Where a picture appears in the data below, exclude it; restate everything else word for word.
Segment Open
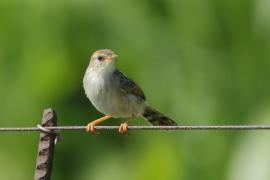 Chwastówka zielna - Cisticola tinniens - Levaillant's Cisticola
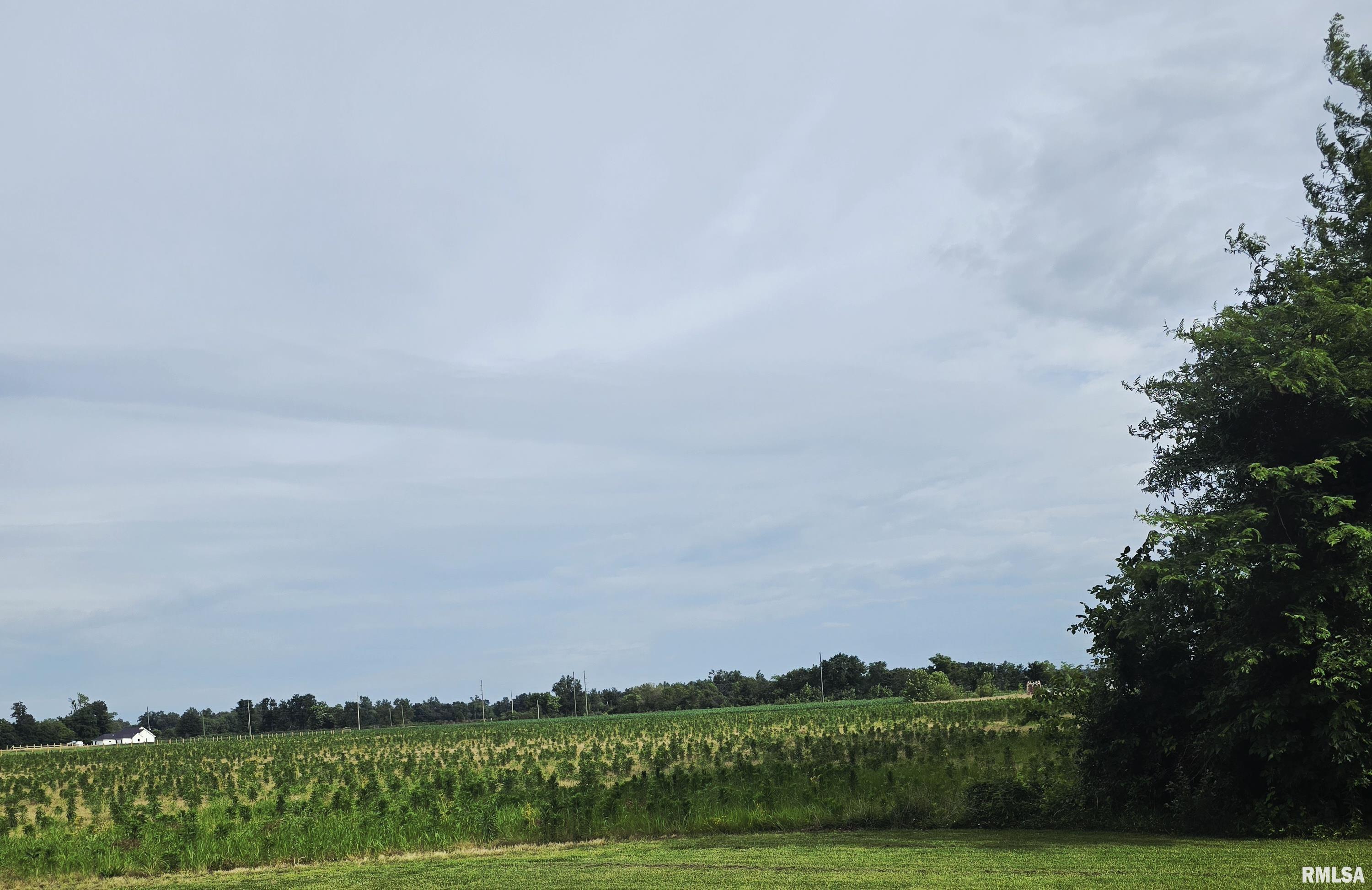 0 Neilson Road Thompsonville, IL 62890 - Photo 1 of 2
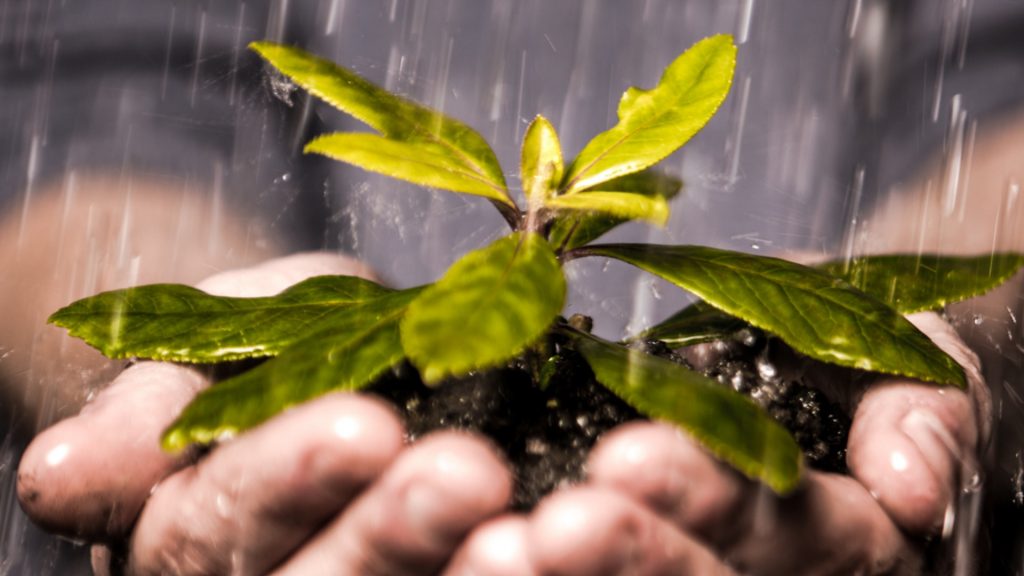 Care sunt Valorile tale si a Brandului Tau Personal? www.raduprisacaru.ro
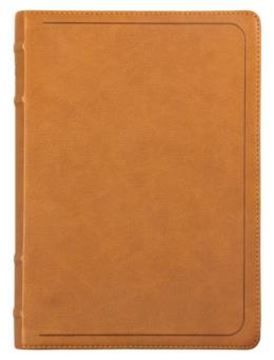 Imagem de BIBLIA ACF COM REFERENCIAS CRUZADAS E PALAVRAS DE JESUS EM AZUL, COURO-SOFT MOSTARDA, LETRA GRANDE, LEITURA PERFEITA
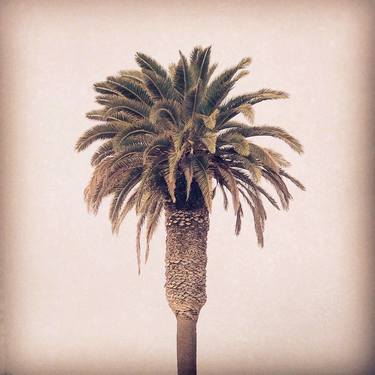 Palm Tree - Limited Edition 1 of 50 thumb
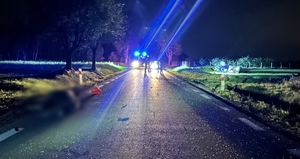 Droga , światła radiowozów oraz  auto na poboczu na dachu.
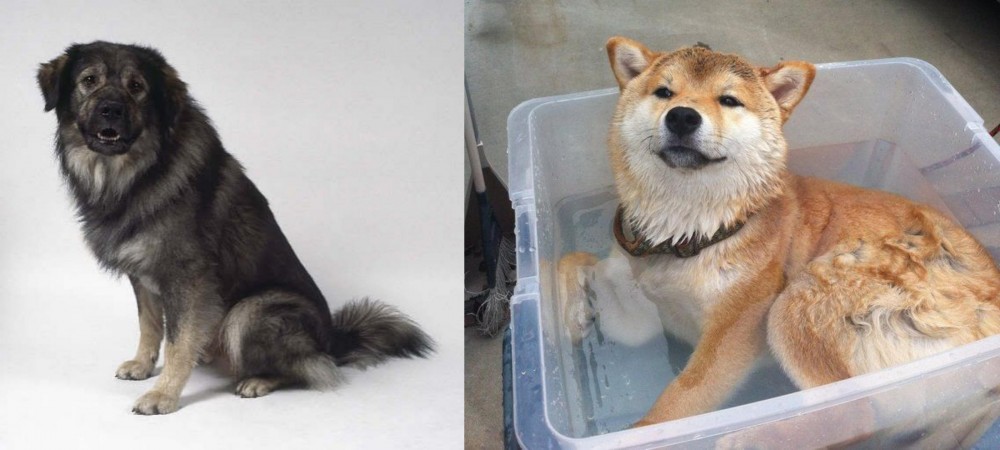 Shiba Inu vs Istrian Sheepdog - Breed Comparison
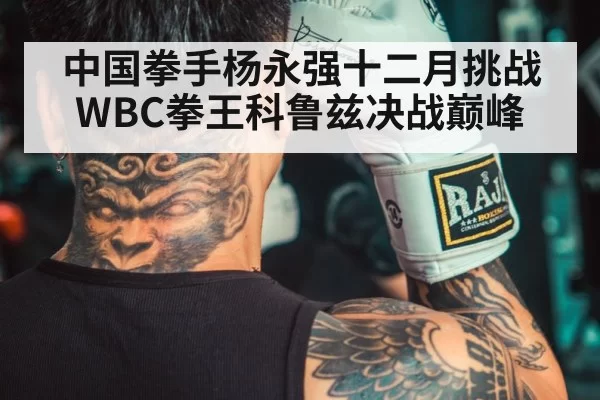 中国拳手杨永强十二月挑战WBC拳王科鲁兹决战巅峰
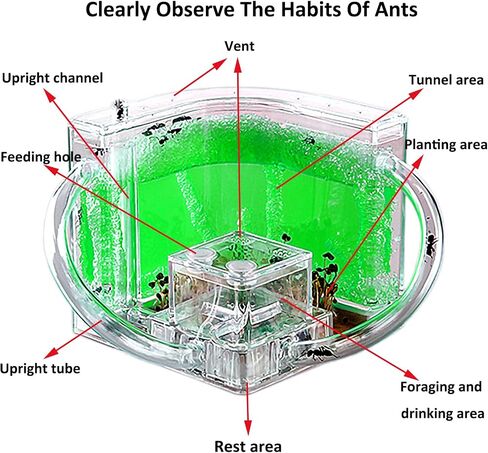 Ant Farm for Kids Safety and Environment Gel Ant Colony Ecosystem Terrarium, Ant Habitat Science Learning Kit(with No Ant)… in Saudi Arabia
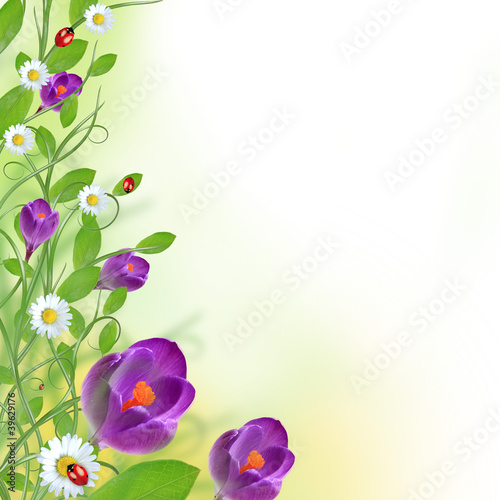 Beautiful floral design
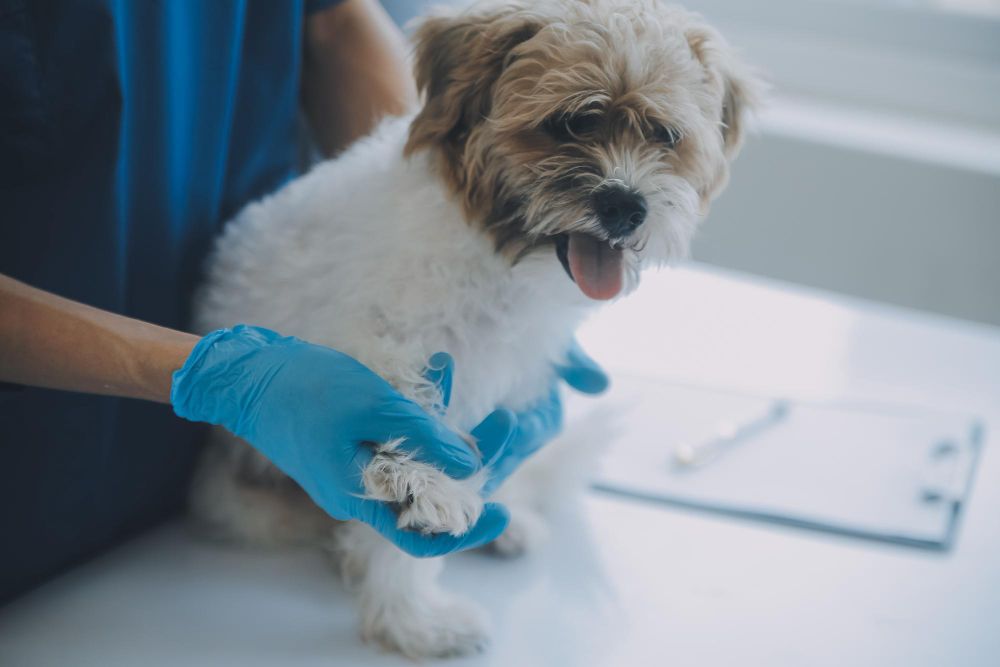 Dermatology at Best Friends Pet Hospital in Monrovia, CA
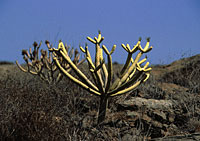 Gran Canaria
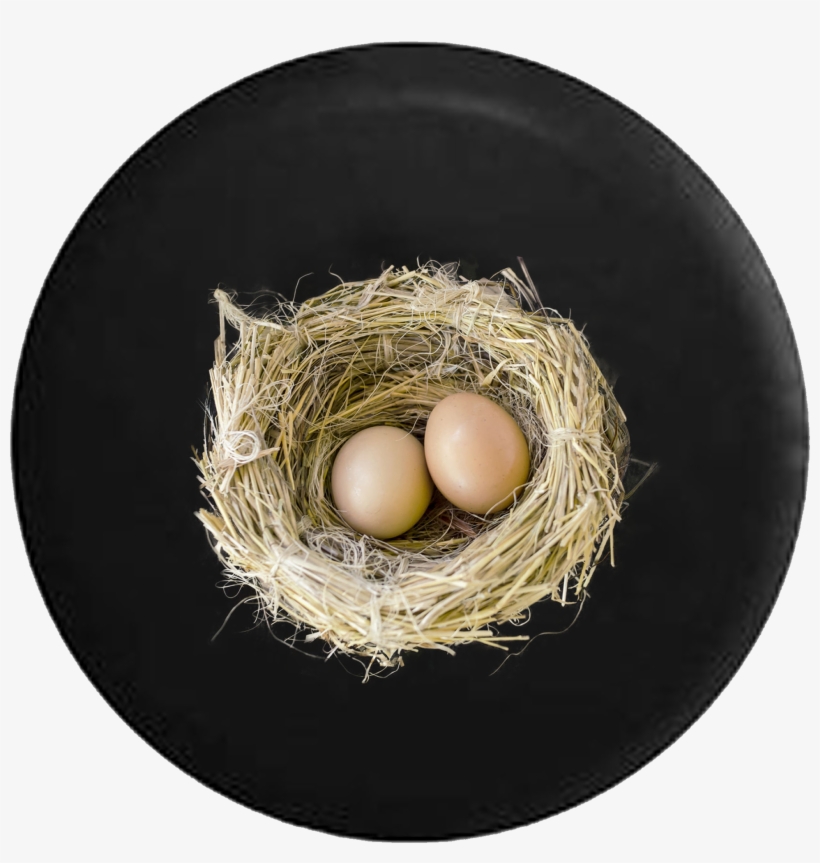 Birds Nest With Baby Bird Eggs Jeep Camper Spare Tire - Jeep, transparent png download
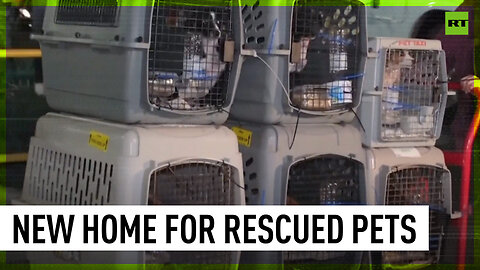 Animals rescued from Hawaii fire move to San Diego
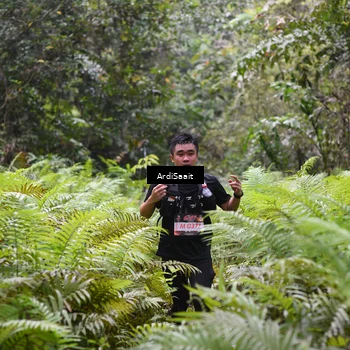 Runner Photo 8555703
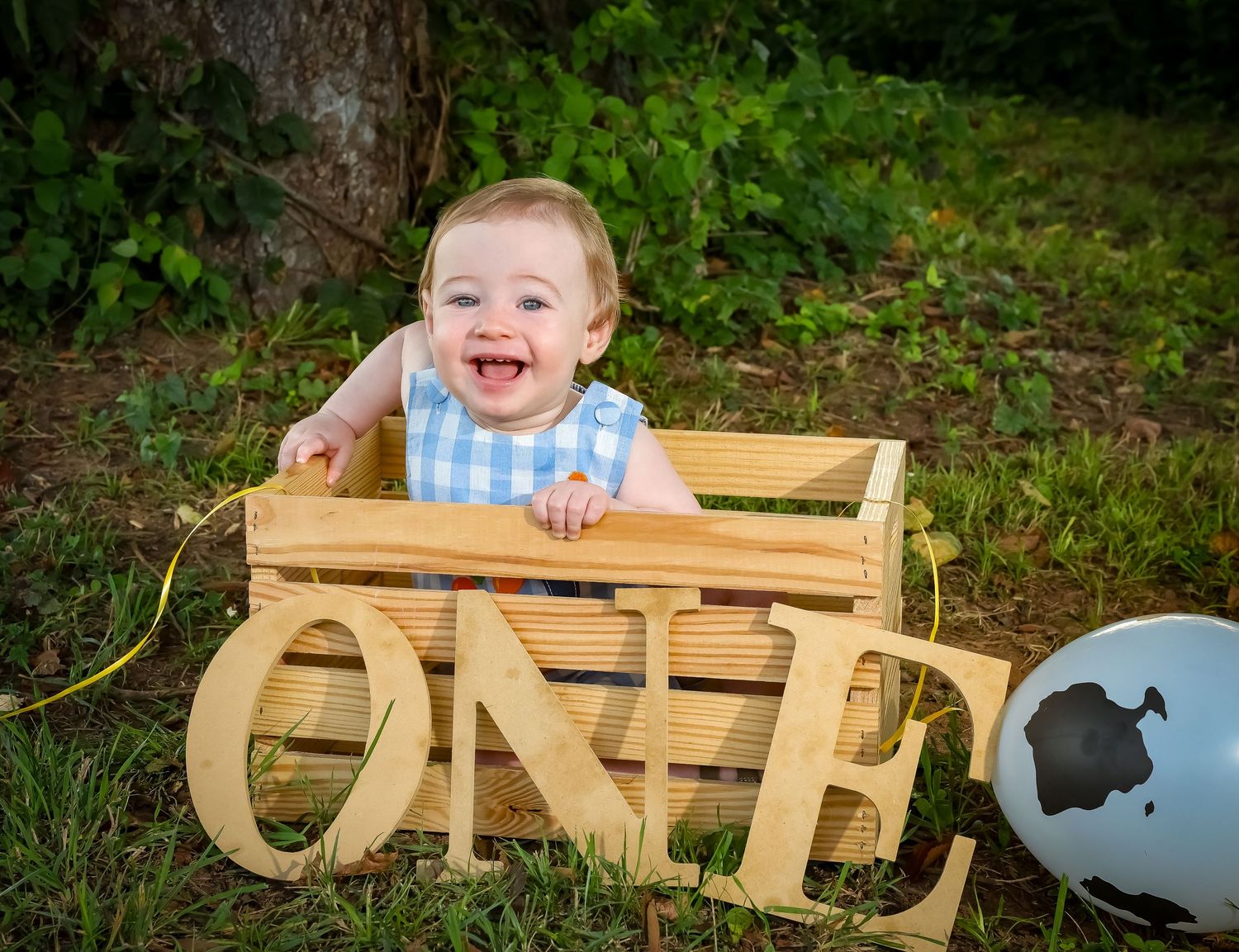 First birthday photo in wooden crate with blue gingham outfit in outdoor setting.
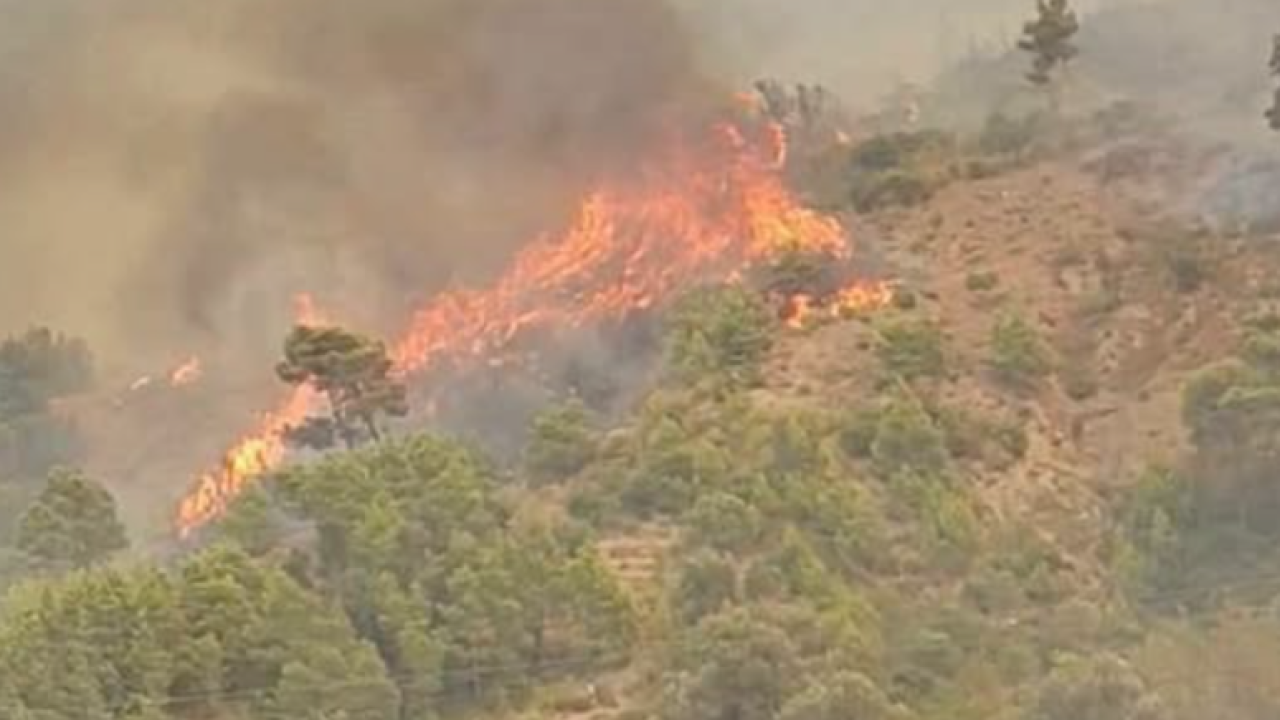Πυρκαγιές στην Αλγερία: 12 νεκροί και δεκάδες τραυματίες στο ανατολικό τμήμα της χώρας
Segment Closed
**EXERCISE ANSWER**
 Chwastówka zielna - Cisticola tinniens - Levaillant's Cisticola
 0 Neilson Road Thompsonville, IL 62890 - Photo 1 of 2
 Care sunt Valorile tale si a Brandului Tau Personal? www.raduprisacaru.ro
 Imagem de BIBLIA ACF COM REFERENCIAS CRUZADAS E PALAVRAS DE JESUS EM AZUL, COURO-SOFT MOSTARDA, LETRA GRANDE, LEITURA PERFEITA
 Palm Tree - Limited Edition 1 of 50 thumb
 Droga , światła radiowozów oraz  auto na poboczu na dachu.
 Shiba Inu vs Istrian Sheepdog - Breed Comparison
 中国拳手杨永强十二月挑战WBC拳王科鲁兹决战巅峰
 Ant Farm for Kids Safety and Environment Gel Ant Colony Ecosystem Terrarium, Ant Habitat Science Learning Kit(with No Ant)… in Saudi Arabia
 Beautiful floral design
 Dermatology at Best Friends Pet Hospital in Monrovia, CA
 Gran Canaria
 Birds Nest With Baby Bird Eggs Jeep Camper Spare Tire - Jeep, transparent png download
 Animals rescued from Hawaii fire move to San Diego
 Runner Photo 8555703
 First birthday photo in wooden crate with blue gingham outfit in outdoor setting.
Πυρκαγιές στην Αλγερία: 12 νεκροί και δεκάδες τραυματίες στο ανατολικό τμήμα της χώρας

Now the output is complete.